The front yard we rocked in with volcanic rock years ago, with all the trees and small area it was hard to mow anyway.  But, the weeds come up each spring through the plastic and rock, and I do have to pull them when I can.  Was out there just a few days ago pulling and digging weeds.  I don't do a veggie garden anymore because we go away sometimes on vacation and I don't want to let everything rot or die, or have anyone come over to tend my garden when we're gone.  Even planting flowers is something of the past for me, a pot of silk flowers in front of my house is the best I do for now.

There may be a time when we no longer travel anywhere and are homebodies 24/7/365....then I might start with a small veggie and flower garden again.  It does feel good to feel the earth and grow your own, very satisfying!


----------



## kburra (Apr 21, 2017)

SeaBreeze said:


> Very nice Kburra, do you do all the maintenance yourself?

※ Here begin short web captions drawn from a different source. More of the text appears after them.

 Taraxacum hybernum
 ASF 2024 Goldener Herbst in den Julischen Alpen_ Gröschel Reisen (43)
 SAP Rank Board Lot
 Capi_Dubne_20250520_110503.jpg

Yes,both my wife and self,spend approx about six hours a week,I do the heavy stuff like mowing and pruning ,mulching etc,and Carol weeding planting flower's etc and general tidying up,mind you as getting older is getting harder,the mind is willing but the body,well that`s another question?

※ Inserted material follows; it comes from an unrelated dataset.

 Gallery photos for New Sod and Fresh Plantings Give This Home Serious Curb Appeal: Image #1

Better view with a small video made sometime back


----------



## jujube (Apr 21, 2017)

Thank goodness, we only own 3 feet out from our house and that gets taken care of by the neighborhood association.  I have the proverbial black thumb when it comes to greenery (or brownery, in my case...)  It must be catching, because the Spousal Equivalent laid some sod and planted some flowers.  They're just about dead already. 

At the last house I owned, I mowed and that was that.  Never watered, never sprayed for baddies.   The entire neighborhood had been built on a sand pit, so unless you trucked in good soil, sodded, watered constantly and prayed to your own personal deity, the best you could hope for was a somewhat green yard.  My next door neighbor worked endlessly on his front yard and it didn't look a whole lot better than mine.  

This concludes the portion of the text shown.